Разумеется, даже герцогине некоторые проступки тоже не могли легко сойти с рук. Но поскольку большую часть этих прегрешений совершали презренные распутные женщины, вроде Лавинии, вместе с такими же жалкими распутниками, то с этой стороны Сесили считала себя неуязвимой.

– Дорогая, полюбив кого-нибудь, ты не станешь слабее, – ласково сказала Розамунда.

Сесили передернула плечами с видом, мол, мне это не за чем. О, как она ненавидела это чувство сожаления в небесно-голубых глазах Розамунды. В какой-то миг ей даже захотелось ударить кузину, причинить ей боль точно так же, как та сделала больно ей, Сесили.

Однако она быстро подавила внутри себя это чисто детское желание. Ведь Розамунда не хотела ее обидеть, а сама Сесили никогда не пошла бы на то, чтобы сознательно причинить боль самой близкой подруге.

Впрочем, так было не всегда. После кончины брата Сесили отчаянно боролась с дружбой, которую предлагали ей кузины и кузены Уэструдер. В то время Сесили держалась обособленно, была очень раздражительной и вспыльчивой, капризничала, с ней не было никакого сладу.

Но даже в самые худшие минуты ни Розамунда, ни Джейн, ни мальчики никогда не оставляли ее наедине со своим горем. Они дразнили ее, приставали, шутили, словно она была настоящим членом их семьи, одаряя в редкие драгоценные мгновения теплом доброты и отзывчивости. Небольшая группа привилегированных детей, крепко державшихся друг за друга, так как не было больше никого в мире, кто любил бы их, кто относился бы к ним с теплом и лаской.

Они с Сесили были одной плоти и крови. Они были единственными людьми на свете, которых она беззаветно любила. Казалось, что их соединяли неразрывные узы. Если и было на свете что-то, во что она верила и на что могла безоговорочно положиться, то это, вне всякого сомнения, крепость родственных уз. Сесили верила только им и герцогу Монфору.

С привычной беззаботностью она пожала плечами.

– Если я полюблю, то не позволю, чтобы кто-то имел надо мной безграничную власть, над телом и душой. Розамунда, я слеплена из иного теста, это не для меня.

– Как интересно, почти то же самое говорила мне Тибби утром в день нашего венчания с Гриффином. – Розамунда запнулась. – Действительно, многие мужья требуют от жен слепого повиновения. Но неужели ты думаешь, что Гриффин меня тиранит? Какой вздор! То же самое с полным правом можно сказать о Константине и Джейн.

Горячая речь Розамунды не произвела на Сесили никакого впечатления.
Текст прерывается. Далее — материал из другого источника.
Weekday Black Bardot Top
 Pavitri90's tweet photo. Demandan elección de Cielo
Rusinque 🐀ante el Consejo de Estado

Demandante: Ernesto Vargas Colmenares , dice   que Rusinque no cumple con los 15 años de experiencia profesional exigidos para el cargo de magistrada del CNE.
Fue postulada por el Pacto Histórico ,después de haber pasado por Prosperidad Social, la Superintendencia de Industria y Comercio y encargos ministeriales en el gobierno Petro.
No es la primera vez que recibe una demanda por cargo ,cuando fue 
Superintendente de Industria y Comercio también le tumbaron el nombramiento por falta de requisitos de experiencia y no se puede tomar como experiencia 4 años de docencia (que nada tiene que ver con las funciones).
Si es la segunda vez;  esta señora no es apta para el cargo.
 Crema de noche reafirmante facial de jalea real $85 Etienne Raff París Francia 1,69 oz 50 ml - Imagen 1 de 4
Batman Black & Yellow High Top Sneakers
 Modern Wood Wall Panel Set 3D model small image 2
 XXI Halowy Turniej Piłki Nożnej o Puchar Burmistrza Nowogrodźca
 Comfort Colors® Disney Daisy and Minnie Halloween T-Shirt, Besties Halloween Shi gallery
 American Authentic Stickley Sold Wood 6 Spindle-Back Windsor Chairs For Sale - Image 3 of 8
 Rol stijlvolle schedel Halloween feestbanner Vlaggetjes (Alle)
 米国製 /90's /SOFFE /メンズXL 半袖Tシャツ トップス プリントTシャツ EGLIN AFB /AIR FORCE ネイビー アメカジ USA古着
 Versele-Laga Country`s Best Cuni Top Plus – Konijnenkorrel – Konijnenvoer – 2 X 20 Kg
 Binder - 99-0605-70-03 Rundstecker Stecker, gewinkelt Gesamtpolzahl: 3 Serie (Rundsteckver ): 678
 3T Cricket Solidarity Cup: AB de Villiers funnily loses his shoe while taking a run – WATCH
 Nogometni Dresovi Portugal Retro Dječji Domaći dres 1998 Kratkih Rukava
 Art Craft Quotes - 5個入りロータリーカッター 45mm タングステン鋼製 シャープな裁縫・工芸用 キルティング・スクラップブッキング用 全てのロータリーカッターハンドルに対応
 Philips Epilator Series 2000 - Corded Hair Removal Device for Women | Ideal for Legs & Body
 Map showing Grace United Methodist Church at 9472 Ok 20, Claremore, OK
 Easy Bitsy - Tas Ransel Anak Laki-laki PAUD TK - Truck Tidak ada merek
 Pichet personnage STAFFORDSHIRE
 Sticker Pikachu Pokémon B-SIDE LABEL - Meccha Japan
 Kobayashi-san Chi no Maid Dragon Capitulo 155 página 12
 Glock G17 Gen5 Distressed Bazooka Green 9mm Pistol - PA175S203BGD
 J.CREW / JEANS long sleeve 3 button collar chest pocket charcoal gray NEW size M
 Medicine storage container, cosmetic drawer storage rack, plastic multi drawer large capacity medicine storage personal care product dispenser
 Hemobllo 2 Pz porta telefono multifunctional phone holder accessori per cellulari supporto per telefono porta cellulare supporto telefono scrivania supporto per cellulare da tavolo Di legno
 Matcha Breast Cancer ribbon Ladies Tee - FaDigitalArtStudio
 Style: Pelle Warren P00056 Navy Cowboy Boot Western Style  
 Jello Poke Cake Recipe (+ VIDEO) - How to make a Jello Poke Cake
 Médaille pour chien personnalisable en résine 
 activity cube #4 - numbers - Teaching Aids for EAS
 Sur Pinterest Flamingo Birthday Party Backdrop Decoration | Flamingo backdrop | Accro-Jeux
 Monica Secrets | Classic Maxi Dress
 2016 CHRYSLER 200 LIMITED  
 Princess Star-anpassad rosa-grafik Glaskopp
В глубине души она считала счастливые браки ее кузин своеобразным видом взаимного рабства, но подобные, не лишенные оригинальности мысли, как известно, лучше всегда держать при себе.

Прежде чем Сесили вспомнила одну из тех фраз, которые у любого должны быть заготовлены в подобном случае, их разговор прервал дворецкий, объявивший о приходе гостей.

Сесили торжествующе посмотрела на кузину.

– Ты провел их в гостиную, Уилсон? Да? Благодарю. Передай, что скоро леди Трегарт и я пройдем к ним.

– Негодница, – с веселым возмущением воскликнула Розамунда. – Попомни мои слова: когда ты будешь менее всего готова, я отплачу тебе тем же.

Обычно Сесили без особого интереса относилась к почти еженедельным визитам ее жениха, но сегодня все обстояло иначе. Ей не терпелось попытать Норланда насчет «Прометеева клуба», выведать у него все, что только возможно.

Эта мысль возникла у нее, когда она, проснувшись рано утром, никак не могла уснуть, неотступно думая об Ашборне и о предстоящей встрече с ним.

– Ваша светлость, как я рада видеть вас, – радостно сказала Сесили, идя навстречу ему. – Как ваши дела?